* _What you will do_
Which lines below contain the word "Brown"? Copy each one.

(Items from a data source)
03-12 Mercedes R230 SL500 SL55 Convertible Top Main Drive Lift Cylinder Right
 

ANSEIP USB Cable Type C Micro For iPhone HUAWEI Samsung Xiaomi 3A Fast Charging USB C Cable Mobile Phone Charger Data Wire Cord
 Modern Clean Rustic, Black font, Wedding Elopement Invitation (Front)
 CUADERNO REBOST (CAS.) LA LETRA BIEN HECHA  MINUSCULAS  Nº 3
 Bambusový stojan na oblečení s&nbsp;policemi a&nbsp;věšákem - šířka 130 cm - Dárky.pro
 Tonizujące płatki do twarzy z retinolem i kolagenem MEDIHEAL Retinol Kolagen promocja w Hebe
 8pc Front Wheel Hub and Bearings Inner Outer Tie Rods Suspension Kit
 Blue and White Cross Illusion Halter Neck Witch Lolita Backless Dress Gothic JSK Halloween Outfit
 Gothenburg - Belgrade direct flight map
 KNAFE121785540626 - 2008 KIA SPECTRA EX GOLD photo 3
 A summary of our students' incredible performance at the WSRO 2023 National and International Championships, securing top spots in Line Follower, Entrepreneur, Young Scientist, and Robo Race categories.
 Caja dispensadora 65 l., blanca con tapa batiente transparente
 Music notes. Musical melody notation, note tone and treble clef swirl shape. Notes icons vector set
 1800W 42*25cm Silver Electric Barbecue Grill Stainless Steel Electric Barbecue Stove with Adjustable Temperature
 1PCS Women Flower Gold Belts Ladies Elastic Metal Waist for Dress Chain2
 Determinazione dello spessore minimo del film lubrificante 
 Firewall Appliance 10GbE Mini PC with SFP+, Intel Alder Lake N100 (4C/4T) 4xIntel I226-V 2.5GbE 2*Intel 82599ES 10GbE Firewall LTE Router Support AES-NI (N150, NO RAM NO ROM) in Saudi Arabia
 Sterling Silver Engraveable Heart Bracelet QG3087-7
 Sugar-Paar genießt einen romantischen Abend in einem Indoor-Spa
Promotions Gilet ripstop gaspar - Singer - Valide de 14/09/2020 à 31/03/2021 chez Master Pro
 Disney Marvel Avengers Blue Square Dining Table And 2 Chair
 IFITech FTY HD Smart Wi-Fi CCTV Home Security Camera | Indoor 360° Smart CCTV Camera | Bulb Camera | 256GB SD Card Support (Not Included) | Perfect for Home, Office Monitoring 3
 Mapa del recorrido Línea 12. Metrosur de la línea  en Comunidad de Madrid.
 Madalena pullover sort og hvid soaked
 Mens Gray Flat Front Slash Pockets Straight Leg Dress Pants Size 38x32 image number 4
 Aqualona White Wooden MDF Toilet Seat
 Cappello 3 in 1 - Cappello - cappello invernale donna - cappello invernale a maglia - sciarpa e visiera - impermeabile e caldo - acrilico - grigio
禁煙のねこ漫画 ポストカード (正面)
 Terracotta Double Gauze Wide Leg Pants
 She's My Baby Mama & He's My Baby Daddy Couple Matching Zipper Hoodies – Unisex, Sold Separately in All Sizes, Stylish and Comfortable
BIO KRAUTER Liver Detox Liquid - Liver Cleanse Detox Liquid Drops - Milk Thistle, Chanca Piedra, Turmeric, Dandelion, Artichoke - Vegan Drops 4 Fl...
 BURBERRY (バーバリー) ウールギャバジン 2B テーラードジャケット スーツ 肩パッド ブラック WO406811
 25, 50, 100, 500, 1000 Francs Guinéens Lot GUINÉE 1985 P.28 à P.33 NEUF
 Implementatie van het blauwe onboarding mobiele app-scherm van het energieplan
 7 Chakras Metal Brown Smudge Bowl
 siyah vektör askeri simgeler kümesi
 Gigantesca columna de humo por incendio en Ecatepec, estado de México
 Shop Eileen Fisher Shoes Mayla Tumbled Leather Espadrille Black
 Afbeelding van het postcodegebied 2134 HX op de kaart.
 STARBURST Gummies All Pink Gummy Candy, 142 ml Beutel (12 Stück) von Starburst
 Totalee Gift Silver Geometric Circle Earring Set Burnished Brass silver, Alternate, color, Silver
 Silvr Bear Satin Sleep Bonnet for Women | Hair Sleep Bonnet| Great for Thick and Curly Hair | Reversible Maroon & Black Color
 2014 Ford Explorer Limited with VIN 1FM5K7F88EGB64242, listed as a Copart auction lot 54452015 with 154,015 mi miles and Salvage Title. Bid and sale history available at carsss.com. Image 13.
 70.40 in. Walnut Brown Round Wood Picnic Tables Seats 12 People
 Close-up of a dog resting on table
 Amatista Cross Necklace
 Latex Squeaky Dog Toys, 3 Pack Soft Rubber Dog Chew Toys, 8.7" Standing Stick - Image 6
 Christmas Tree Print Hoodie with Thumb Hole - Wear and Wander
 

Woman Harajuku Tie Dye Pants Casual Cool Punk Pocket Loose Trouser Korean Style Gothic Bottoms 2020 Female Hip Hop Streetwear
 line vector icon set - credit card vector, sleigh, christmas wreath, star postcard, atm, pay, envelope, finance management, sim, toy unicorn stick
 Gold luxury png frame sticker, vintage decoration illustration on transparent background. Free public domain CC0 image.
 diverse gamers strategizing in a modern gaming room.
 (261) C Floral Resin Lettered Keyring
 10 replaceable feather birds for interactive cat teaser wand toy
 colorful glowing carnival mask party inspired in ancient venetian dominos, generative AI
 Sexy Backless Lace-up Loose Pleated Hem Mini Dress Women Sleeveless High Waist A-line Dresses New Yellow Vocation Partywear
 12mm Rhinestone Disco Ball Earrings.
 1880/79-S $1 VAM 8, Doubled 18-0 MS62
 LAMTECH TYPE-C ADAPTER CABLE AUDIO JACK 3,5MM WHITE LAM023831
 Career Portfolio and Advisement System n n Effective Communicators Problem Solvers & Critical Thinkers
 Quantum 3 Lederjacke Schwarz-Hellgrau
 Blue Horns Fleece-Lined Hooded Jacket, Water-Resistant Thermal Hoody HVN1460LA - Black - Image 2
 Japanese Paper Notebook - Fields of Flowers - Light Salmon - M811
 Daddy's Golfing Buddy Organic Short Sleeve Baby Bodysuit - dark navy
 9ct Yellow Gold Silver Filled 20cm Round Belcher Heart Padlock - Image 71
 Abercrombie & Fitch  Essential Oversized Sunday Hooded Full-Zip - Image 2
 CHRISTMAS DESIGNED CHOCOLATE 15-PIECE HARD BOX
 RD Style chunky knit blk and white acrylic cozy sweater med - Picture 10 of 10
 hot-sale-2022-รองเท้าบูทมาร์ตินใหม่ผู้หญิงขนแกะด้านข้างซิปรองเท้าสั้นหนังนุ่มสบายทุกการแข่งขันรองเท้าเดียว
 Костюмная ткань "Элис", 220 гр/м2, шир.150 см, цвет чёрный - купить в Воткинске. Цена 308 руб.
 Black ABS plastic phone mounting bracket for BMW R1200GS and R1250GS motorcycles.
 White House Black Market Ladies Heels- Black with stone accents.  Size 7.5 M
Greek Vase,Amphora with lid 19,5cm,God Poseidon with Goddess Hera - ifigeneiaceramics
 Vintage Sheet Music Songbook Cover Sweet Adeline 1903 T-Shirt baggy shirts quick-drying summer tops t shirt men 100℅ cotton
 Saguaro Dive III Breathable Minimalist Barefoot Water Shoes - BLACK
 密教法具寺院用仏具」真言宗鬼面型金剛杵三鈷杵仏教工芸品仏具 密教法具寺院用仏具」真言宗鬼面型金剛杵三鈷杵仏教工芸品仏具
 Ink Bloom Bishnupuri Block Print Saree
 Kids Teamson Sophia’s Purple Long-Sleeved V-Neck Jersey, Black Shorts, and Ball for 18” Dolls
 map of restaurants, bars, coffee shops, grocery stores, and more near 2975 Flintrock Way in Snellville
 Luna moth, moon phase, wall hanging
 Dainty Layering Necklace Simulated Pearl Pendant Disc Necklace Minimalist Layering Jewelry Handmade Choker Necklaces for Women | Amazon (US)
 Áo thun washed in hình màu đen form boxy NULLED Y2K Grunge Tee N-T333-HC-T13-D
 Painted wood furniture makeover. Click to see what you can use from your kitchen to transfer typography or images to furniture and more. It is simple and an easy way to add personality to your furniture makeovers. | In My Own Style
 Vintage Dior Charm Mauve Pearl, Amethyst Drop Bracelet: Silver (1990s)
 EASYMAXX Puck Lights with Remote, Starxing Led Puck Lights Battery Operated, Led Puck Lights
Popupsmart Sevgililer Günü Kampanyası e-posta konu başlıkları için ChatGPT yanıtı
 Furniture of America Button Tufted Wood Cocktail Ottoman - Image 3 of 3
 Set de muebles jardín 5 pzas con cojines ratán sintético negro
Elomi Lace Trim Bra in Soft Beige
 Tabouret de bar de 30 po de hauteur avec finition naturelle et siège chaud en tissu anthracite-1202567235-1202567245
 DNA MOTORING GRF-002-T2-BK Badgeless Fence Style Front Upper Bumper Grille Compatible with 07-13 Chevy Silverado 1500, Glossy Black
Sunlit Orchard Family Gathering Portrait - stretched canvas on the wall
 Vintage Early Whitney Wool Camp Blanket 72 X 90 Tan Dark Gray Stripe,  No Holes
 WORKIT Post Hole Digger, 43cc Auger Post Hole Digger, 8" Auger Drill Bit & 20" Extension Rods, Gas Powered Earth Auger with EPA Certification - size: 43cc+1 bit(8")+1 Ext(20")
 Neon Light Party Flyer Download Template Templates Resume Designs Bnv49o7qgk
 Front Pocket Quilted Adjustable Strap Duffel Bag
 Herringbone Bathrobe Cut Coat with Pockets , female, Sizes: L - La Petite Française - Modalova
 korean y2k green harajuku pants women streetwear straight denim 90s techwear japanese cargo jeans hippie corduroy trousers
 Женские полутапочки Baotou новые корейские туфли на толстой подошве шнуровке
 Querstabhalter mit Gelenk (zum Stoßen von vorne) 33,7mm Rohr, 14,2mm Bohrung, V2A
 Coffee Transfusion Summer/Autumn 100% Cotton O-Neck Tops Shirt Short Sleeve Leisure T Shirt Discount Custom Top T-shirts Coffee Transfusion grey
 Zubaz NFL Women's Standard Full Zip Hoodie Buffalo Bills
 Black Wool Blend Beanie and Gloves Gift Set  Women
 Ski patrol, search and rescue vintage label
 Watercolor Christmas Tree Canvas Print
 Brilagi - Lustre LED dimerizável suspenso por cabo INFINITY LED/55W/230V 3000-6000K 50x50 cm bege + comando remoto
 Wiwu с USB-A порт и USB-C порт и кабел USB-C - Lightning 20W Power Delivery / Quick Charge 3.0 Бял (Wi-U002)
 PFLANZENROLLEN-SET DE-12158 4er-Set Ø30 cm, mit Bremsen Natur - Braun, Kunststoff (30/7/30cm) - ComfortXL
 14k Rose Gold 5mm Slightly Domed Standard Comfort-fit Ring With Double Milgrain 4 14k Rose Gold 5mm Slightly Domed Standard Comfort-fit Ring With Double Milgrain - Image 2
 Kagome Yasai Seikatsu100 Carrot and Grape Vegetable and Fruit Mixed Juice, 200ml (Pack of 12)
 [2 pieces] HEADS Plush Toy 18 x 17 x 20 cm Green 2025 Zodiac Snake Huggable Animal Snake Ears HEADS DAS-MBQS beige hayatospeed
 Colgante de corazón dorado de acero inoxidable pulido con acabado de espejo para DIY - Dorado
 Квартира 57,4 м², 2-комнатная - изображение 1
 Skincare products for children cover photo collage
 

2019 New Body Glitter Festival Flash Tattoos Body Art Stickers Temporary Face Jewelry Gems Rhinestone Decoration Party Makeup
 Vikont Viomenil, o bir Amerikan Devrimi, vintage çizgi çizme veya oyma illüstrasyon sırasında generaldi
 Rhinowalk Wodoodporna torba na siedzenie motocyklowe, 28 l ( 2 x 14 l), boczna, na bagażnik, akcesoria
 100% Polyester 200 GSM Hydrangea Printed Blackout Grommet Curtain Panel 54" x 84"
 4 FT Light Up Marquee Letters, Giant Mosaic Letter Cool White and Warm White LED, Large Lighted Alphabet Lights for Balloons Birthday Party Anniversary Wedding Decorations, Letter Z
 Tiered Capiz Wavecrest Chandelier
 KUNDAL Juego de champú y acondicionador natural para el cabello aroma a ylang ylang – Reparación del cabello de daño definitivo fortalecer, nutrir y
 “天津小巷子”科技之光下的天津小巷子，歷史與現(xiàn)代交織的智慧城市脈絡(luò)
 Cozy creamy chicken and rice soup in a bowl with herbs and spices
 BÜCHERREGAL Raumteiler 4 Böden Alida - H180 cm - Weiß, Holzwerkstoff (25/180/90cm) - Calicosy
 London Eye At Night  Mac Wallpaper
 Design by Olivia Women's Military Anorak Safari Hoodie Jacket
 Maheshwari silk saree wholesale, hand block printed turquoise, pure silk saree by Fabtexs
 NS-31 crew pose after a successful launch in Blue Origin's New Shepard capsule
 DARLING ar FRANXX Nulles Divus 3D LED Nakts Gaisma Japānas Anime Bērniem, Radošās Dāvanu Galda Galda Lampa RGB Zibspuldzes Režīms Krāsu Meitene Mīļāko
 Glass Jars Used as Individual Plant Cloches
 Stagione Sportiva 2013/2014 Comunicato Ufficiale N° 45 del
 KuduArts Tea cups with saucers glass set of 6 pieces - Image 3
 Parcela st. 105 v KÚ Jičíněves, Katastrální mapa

* _Answer to the problem_
 7 Chakras Metal Brown Smudge Bowl
 70.40 in. Walnut Brown Round Wood Picnic Tables Seats 12 People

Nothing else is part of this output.